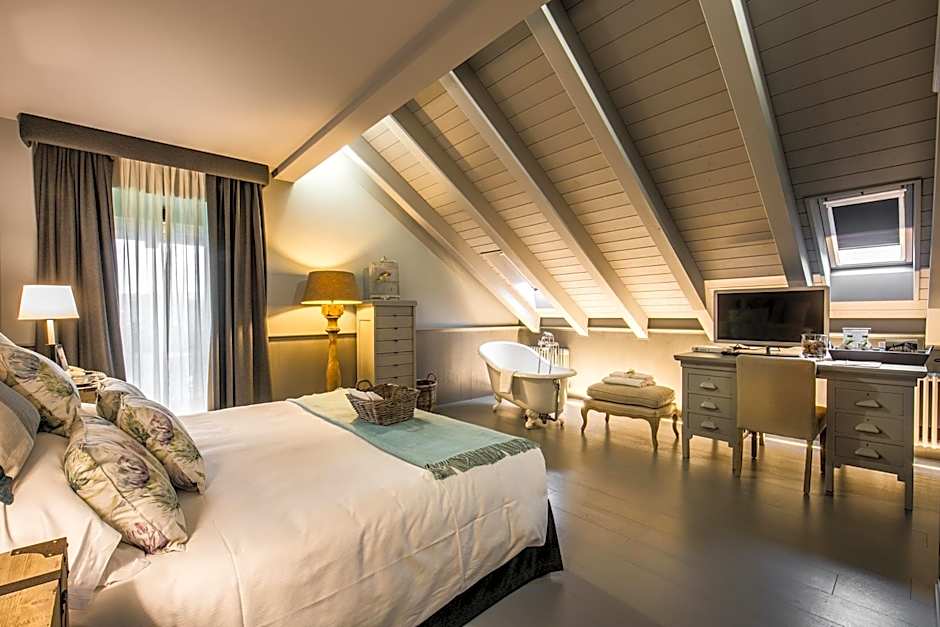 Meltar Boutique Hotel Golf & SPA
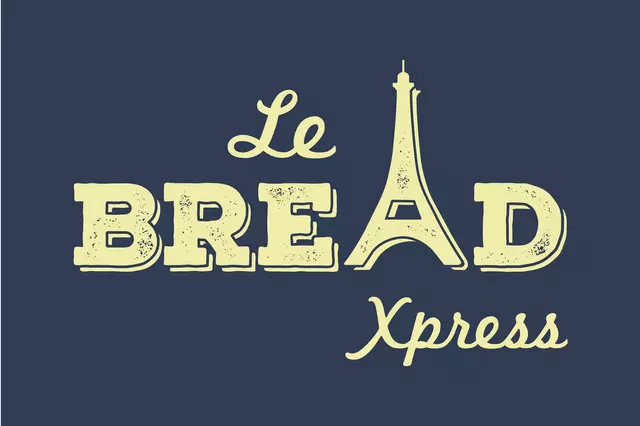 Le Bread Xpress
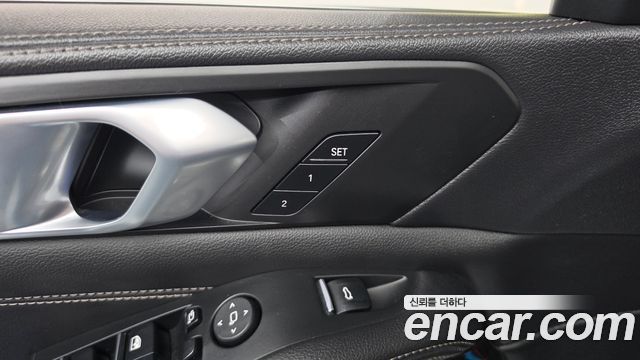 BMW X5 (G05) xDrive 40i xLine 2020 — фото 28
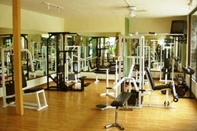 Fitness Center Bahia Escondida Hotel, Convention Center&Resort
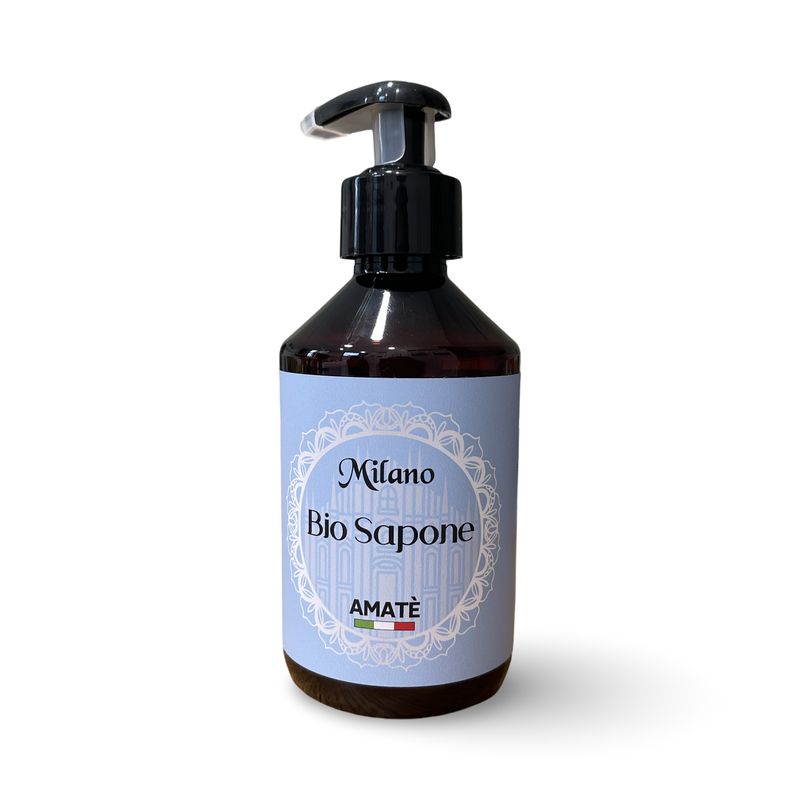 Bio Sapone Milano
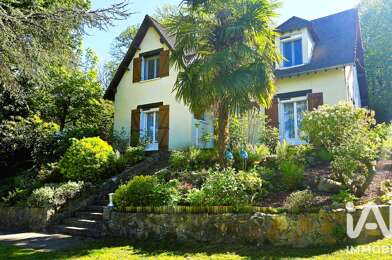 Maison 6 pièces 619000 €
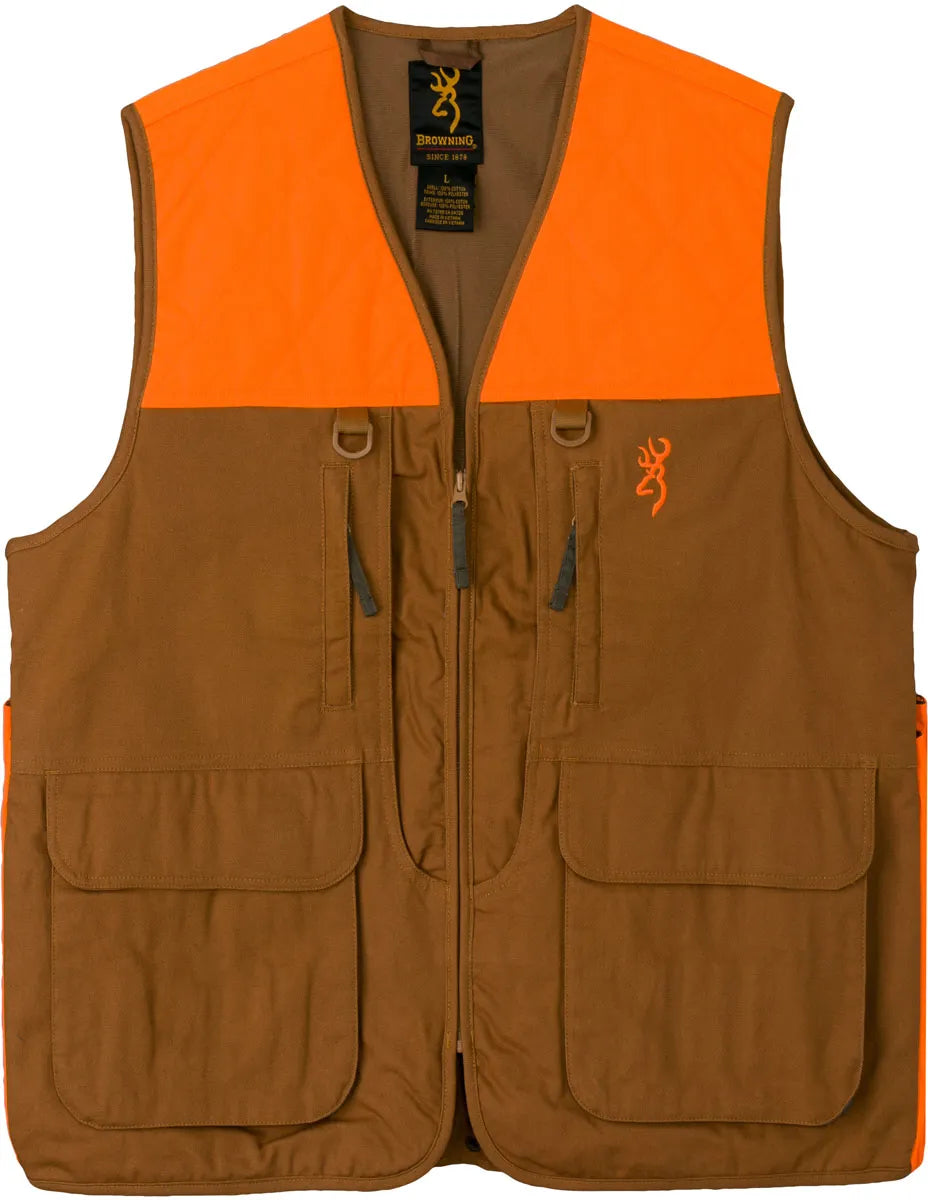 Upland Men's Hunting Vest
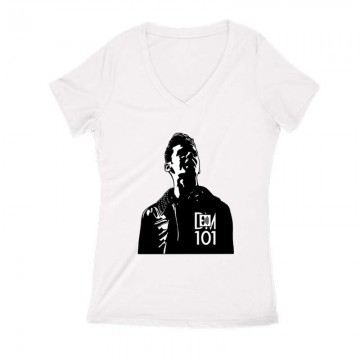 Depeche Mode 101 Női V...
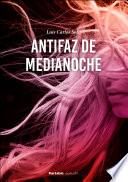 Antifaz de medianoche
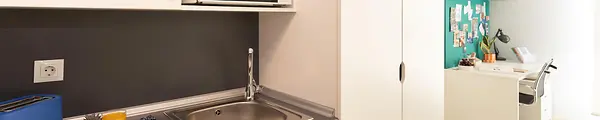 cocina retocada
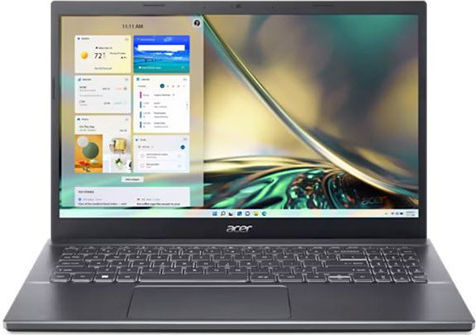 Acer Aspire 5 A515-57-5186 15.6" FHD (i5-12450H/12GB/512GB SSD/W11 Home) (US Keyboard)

-- -- --

## Prompt
Repeat each line of the material exactly, and drop any image it carries.

## Exercise output
 Meltar Boutique Hotel Golf & SPA
 Le Bread Xpress
 BMW X5 (G05) xDrive 40i xLine 2020 — фото 28
 Fitness Center Bahia Escondida Hotel, Convention Center&Resort
 Bio Sapone Milano
 Maison 6 pièces 619000 €
 Upland Men's Hunting Vest
 Depeche Mode 101 Női V...
 Antifaz de medianoche
 cocina retocada
 Acer Aspire 5 A515-57-5186 15.6" FHD (i5-12450H/12GB/512GB SSD/W11 Home) (US Keyboard)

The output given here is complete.